Conti termed Schaeffler's bid of $104.66 per share (at the Aug. 13 exchange rate) as “inadequate” and not reflective of Conti's long-term potential. The boards also cited the opinions of investment banks Goldman Sachs Group Inc. and JP Morgan Chase & Co. in arriving at their recommendation, released after a joint meeting Aug. 13 in Hanover.
Conti's boards said Schaeffler's offer is equivalent only to the legally required minimum price, and the boards also expressed concern about tax disadvantages and increased refinancing costs that likely would arise related to a takeover.
In addition, they termed the economic advantages presented by a merger with Schaeffler as “limited,” related primarily to the production of transmissions, including future development of hybrid technology. Conti stressed, though, that development partnerships in these areas already exist with other companies.
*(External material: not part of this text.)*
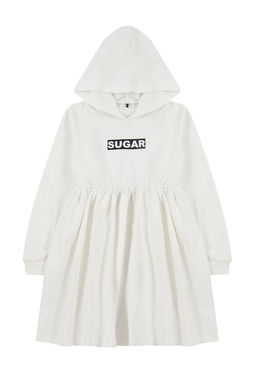 Ekru K?z Cocuk Mevsimlik-Ince Slogan Desenli Kapusonlu Pamuklu Orme Elbise TKDAW25EL00012 - Trendyolmilla фото 4
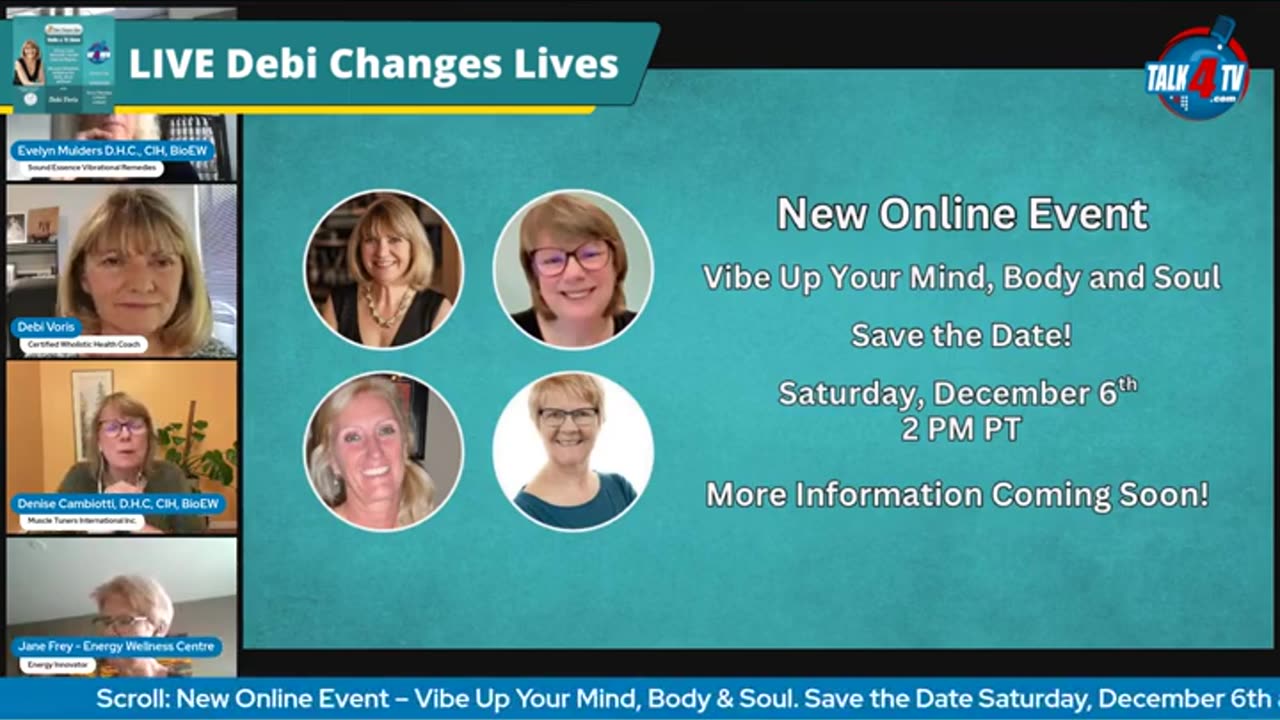 Vibe Up Your Mind, Body & Soul - December 6th, 2025, 2PM PT: https://muscletuners.ca/mind-body-soul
The executive board said it continues to negotiate with Schaeffler on reaching a solution as soon as possible to the benefit of the company without pre-conditions.
In a statement released after Conti's board meetings and attributed to Schaeffler President and CEO Juergen Geissinger, Schaeffler said it “welcomes Conti's decision to continue the negotiations…. Schaeffler is very confident that the negotiations will lead to a positive result.”